That is what I do. Last year when I knew that I was going to be laid off I stocked up on canned SALT FREE veggies and broth. Along with rice, dried and canned beans, sugar, flour ect. IMHO it its just an intelligent thing to do.


----------



## Aunt Bea

I tend to shop the dips and maintain a small supply of items to get me from one sale to the next.

Some of the posts remind me of when I was little.  We lived on a farm and in the fall we stored produce for the winter.  People tend to think that farmers always have the best of everything but that is not true.  We were always sorting produce and using the items that were about to spoil.


----------



## 97guns

97guns said:


> i just topped off my peanut butter reserves, better stock up before prices go through the roof.
> 
> we are entering a possible hyper-inflation scenario where a loaf of bread will be $10 as well as a gallon of gas.
> 
> for me im ready for prices to go hyper, i have a good 3 years supply of food on hand as well as a nice garden for veggies.
> 
> whenever i see something cheap i stack it deep, im just now running out of $1 a jar mayonaise and im on the hunt for some on the cheap.

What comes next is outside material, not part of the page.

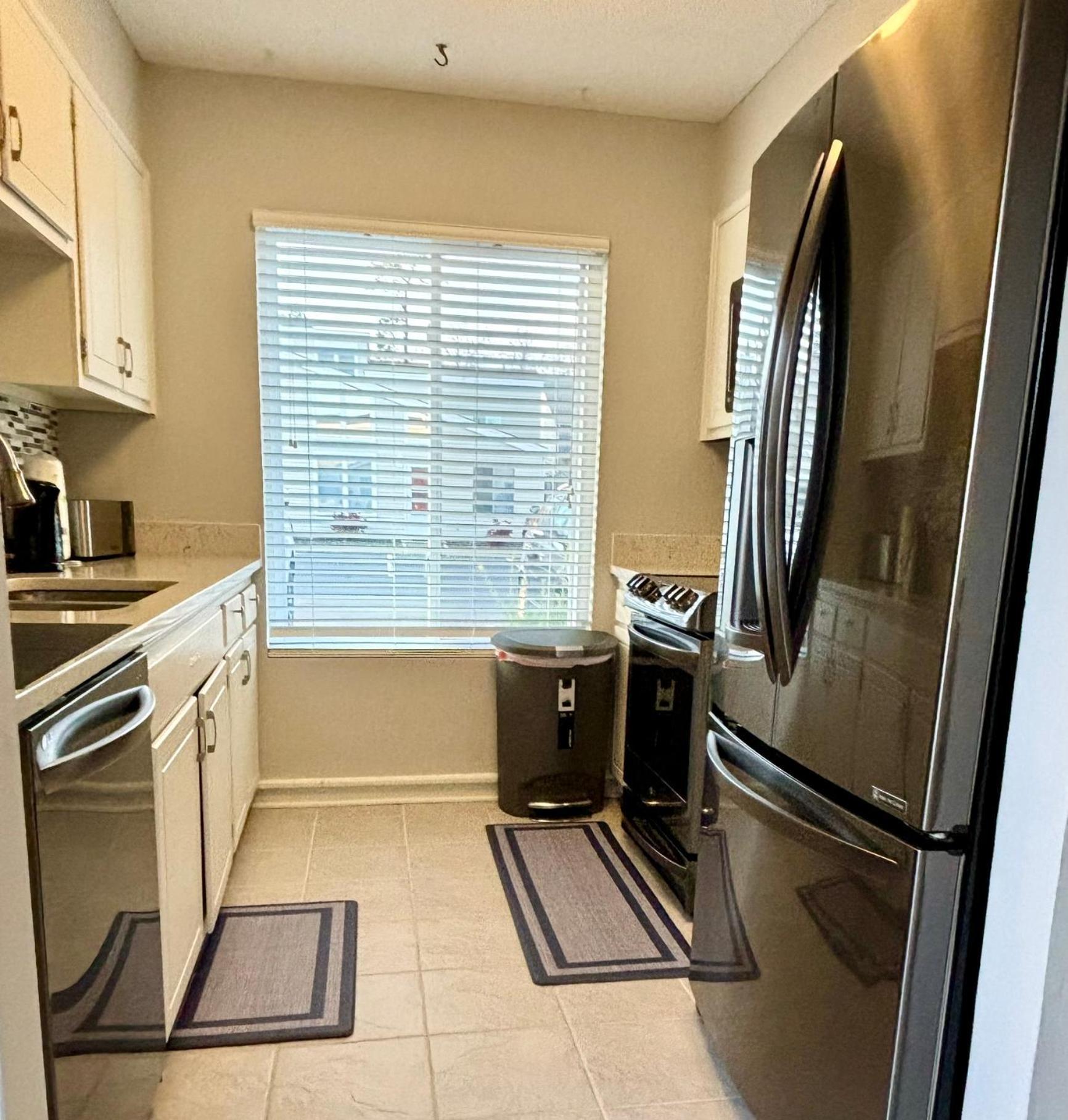 Apartment 809 Coastal Haven 2 Bedrooms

have you guys bought peanut butter lately?


----------



## Greg Who Cooks

Love2cook11 said:


>



My stockpile was about one of these shelf units, before I moved to temporary quarters (between houses). 

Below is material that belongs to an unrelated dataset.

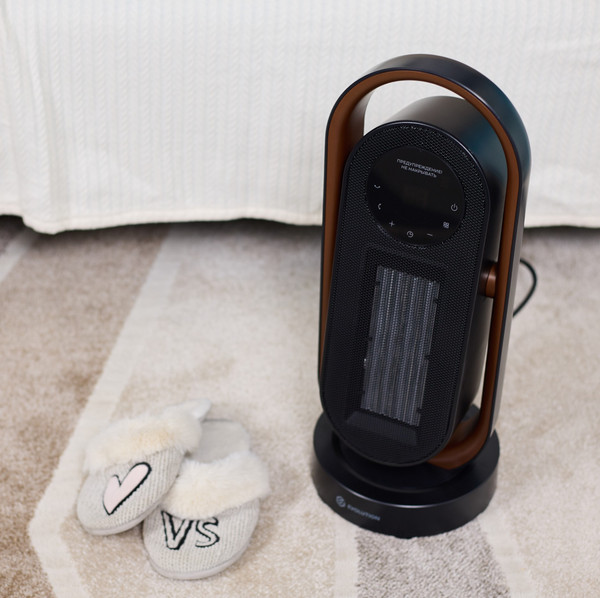 Изображение товара Тепловентилятор Evolution SmartHeating 2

I don't hoard, and it doesn't have anything to do savings or prices or inflation. I just don't like running out of things and I hate to buy one bottle or one can of something. It makes my shopping list longer and takes more time to find each item at the store. I like to get several of any item I repeatedly use, and then I can just go to my stockpile when I need that instead of driving to the market. When I get low I make a note to pick up several more on my next shopping trip.

That changes the character of my market trips to buying fresh or fish and fresh vegetables. The rest of the stuff is already in my stock and my market trips are brief. I guess I stockpile for convenience and to save time.

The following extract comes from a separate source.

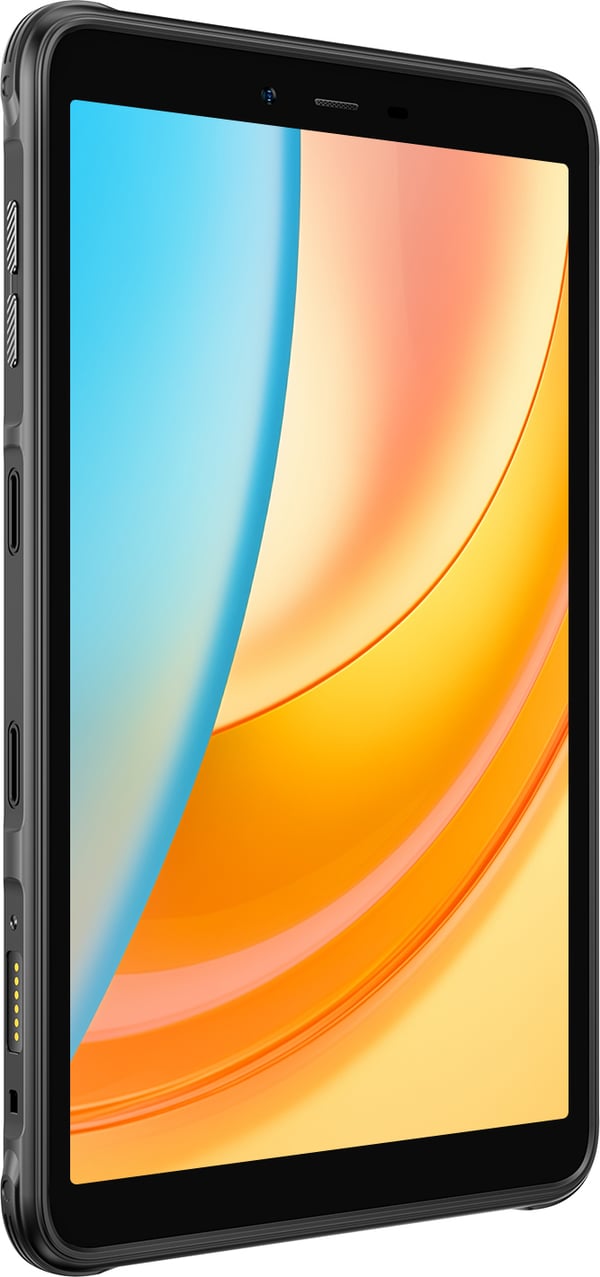 Ulefone Armor Pad Pro stöttålig surfplatta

By the way, I use a first in first out (FIFO) system. When I purchase items having a shelf life I write the month and year on the bottle, box or can (e.g. 0112 for Jan 2012) using a permanent marker, and then put the new items at the back of the shelf. This ensures that the oldest inventory gets used first.


----------



## buckytom

greg, have you ever checked the expiration dates on all of that stuff?


----------



## Greg Who Cooks

I buy lots of Asian goods and the manufacture dates or use-by dates are often obscure or missing, and even mainstream goods can be obscure or confusingly coded. I like my date code system because it's easy to read (even without glasses) and unambiguous. I can always guarantee that I'll use the oldest item in my stock first, that's my goal and it's good enough for me.


----------



## Dawgluver

97guns said:
			
		

> have you guys bought peanut butter lately?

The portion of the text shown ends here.